Tannery Lot east side, part of Plan51.
This home was referred to as the “Flint home”. It was built c.1875 for John B. Flint the son of George Flint. The Flint Foundry was next door. The foundry was where the famous revolving horse –rake was manufactured. It could pull and thresh green peas in a single operation. What a technological advance! This piece of agricultural equipment was the winner of first prize at the Provincial Exhibition, 1868.
John B. Flint was the son of George and Mary Rose (Teed) Flint. He was born in Rochester, New York on July 31, 1852. He was later baptised in Markham Township [likely Main St. Stouffville, south side] by a Wesleyan Methodist Minister on June 17, 1856. He was still living with them in the “Hand House”, corner of Spring St. in 1871. John was listed as a cabinet maker. He was married July 7, 1874, to Ruth S. Revis. The following children were born in this house. David “Willard” born April 26, 1875. Next in line was Grace “Edith” born February 13, 1877. Another girl born next was Mary Blanche “Minnie” on August 21, 1880. The family soon moved away to the Chatham area by 1881.

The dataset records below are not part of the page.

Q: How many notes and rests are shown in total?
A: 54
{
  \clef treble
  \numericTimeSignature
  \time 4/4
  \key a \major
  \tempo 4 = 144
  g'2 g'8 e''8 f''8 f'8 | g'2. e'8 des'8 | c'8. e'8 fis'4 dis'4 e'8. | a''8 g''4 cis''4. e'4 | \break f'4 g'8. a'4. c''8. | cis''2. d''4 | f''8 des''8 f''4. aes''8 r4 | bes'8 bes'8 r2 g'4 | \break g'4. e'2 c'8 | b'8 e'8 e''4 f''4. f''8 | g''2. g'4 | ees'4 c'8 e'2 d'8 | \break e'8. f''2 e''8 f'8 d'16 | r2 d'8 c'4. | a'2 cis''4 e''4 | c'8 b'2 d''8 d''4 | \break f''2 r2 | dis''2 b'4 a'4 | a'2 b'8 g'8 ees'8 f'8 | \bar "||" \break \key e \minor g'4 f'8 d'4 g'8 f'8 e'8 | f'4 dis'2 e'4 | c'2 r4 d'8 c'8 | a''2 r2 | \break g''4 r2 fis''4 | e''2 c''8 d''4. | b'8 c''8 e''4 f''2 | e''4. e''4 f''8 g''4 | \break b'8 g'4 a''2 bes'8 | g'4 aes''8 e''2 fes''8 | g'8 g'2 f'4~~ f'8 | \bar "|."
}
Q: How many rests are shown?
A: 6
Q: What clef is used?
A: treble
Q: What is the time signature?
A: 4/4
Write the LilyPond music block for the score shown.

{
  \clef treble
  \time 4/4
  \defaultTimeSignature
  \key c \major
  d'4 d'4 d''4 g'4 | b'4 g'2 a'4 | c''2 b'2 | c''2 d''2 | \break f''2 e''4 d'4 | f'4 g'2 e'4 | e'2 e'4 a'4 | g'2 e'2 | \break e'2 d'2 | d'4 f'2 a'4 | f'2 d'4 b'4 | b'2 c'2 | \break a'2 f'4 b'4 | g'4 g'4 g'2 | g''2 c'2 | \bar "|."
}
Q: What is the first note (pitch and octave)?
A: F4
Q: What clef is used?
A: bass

The design for this residence is outstanding even to this day the home is a Class “A” home worthy of protection and perseveration. The orange colour brick home was very different, set in this location beside other wooden houses. The windows have a segmented arch with brick corbelling in a contrast yellow brick, including keystones. The two bayed projections have special mouldings that cannot be found anywhere else which have been highlighted in a green paint. The upper round top windows on the front are different to dress up the street look of this full 2 story dwelling. The trim work shows the craftsmanship of a gingerbread design that is original and brackets near the eaves that serve to anchor the roof slope. The pine details inside still have the mouldings and baseboard in full size. The doors are mostly original, including the main front door with its curve oval design and a lower single panel below.
This home was a labour of love by George Flint for his son John B. The early craftsman in the local community would have worked on this house, included Matthew Flint a cousin and George Flint Jr. (b.1843) who ran a planning mill and factory on Edward St. It has certainly stood the test of time being well kept by people who cared and valued the history in Stouffville.